To Prove: ASBQ is a parallelogram.
Proof / Derivation:
1. In parallelogram PQRS, the diagonal PR is divided into three equal segments by points A and B, i.e., PA = AB = BR.
2. Since PQRS is a parallelogram, opposite sides are parallel and equal:
PS || QR and PS = QR
PQ || SR and PQ = SR.
3. Because A and B divide PR into three equal parts, vectors can express the points as: Let vector representations be:
`P = vecP `
`R = vecR`
Then A divides PR so that `vecA = vecP + 1/3 (vecR - vecP)`
B divides PR so that `vecB = vecP + 2/3 (vecR - vecP)`
4. We want to prove ASBQ is a parallelogram. For that, we can prove vectors `vec(AS)` and `vec(BQ)` are equal.

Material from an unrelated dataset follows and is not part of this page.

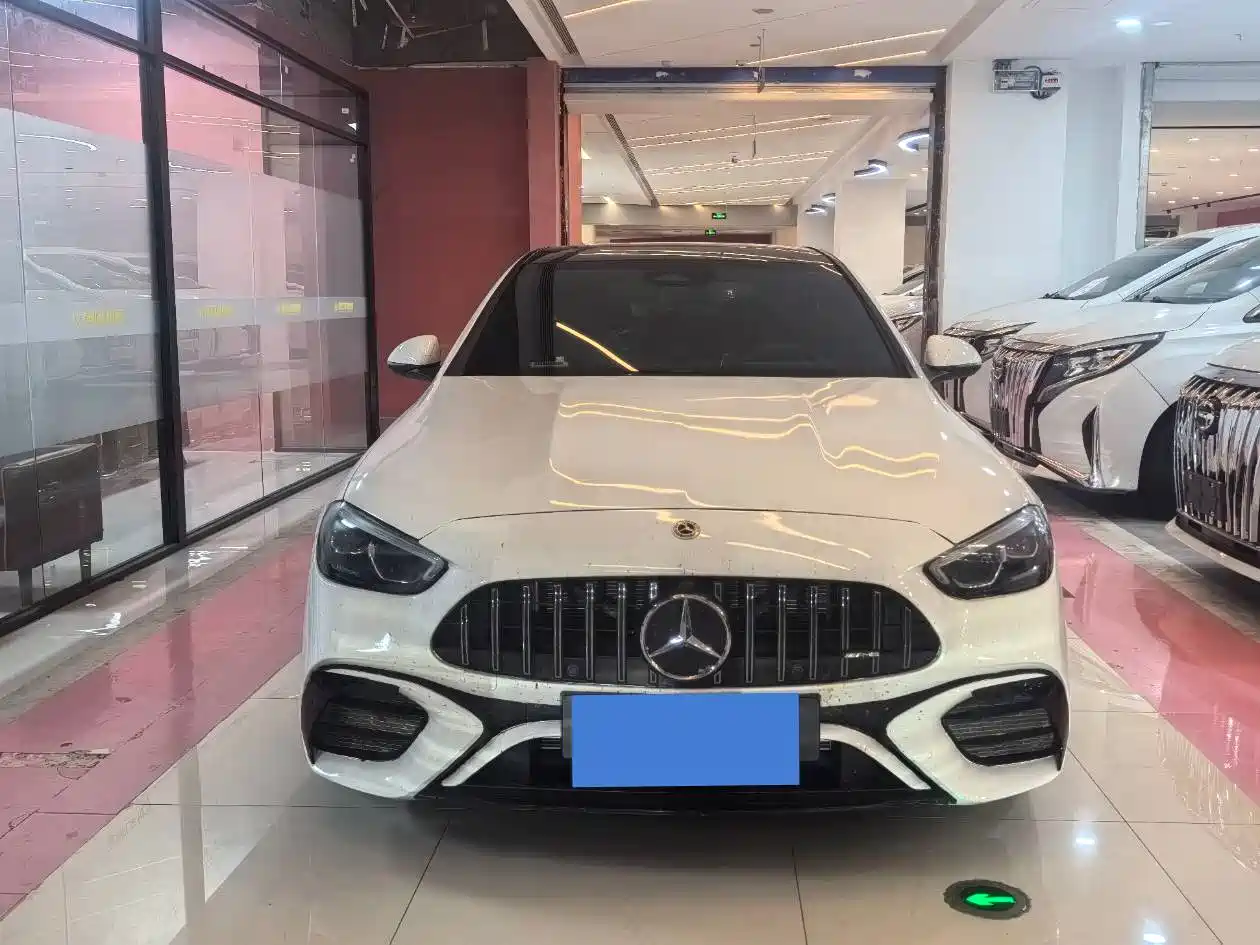 Mercedes-Benz C-Class 2024 C 260 L Sport фото 2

Then AS || BQ and AS = BQ (one pair of opposite sides of a parallelogram).
5. Find `vec(AS) : vec(AS) = vecS - vecA`
6. Find `vec(BQ) : vec(BQ) = vecQ - vecB`
7. Using the property of the parallelogram, `vecS = vecP + vecQ - vecR` (since PQRS is a parallelogram)
8. Substitute these in:
`vec(AS) = vecS - vecA`
= `(vecP + vecQ - vecR) - (vecP + 1/3 (vecR - vecP))`
= `vecQ + vecP - vecR - vecP - 1/3 vecR + 1/3 vecP`
= `vecQ - 2/3 vecR + 1/3 vecP`
`vec(BQ) = vecQ - vecB`
= `vecQ - (vecP + 2/3 (vecR - vecP))`
= `vecQ - vecP - 2/3 vecR + 2/3 vecP`
= `vecQ - 2/3 vecR + (-1 + 2/3)/vecP`
= `vecQ - 2/3 vecR + 1/3 vecP`
(Note: The algebra simplifies to the same vector for `vec(AS)` and `vec(BQ)`.
9. Since `(vec(AS) = vec(BQ))`, this implies AS || BQ and AS = BQ.

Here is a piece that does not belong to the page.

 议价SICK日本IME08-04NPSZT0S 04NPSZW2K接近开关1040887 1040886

10. In quadrilateral ASBQ, opposite sides AS and BQ are equal and parallel.
11. Similarly, since AB and SQ are parts of the diagonal and side respectively, and PQRS is a parallelogram, it follows by the properties that AB || SQ and AB = SQ.
12. Therefore, both pairs of opposite sides of ASBQ are parallel and equal.
ASBQ is a parallelogram because both pairs of its opposite sides are equal and parallel.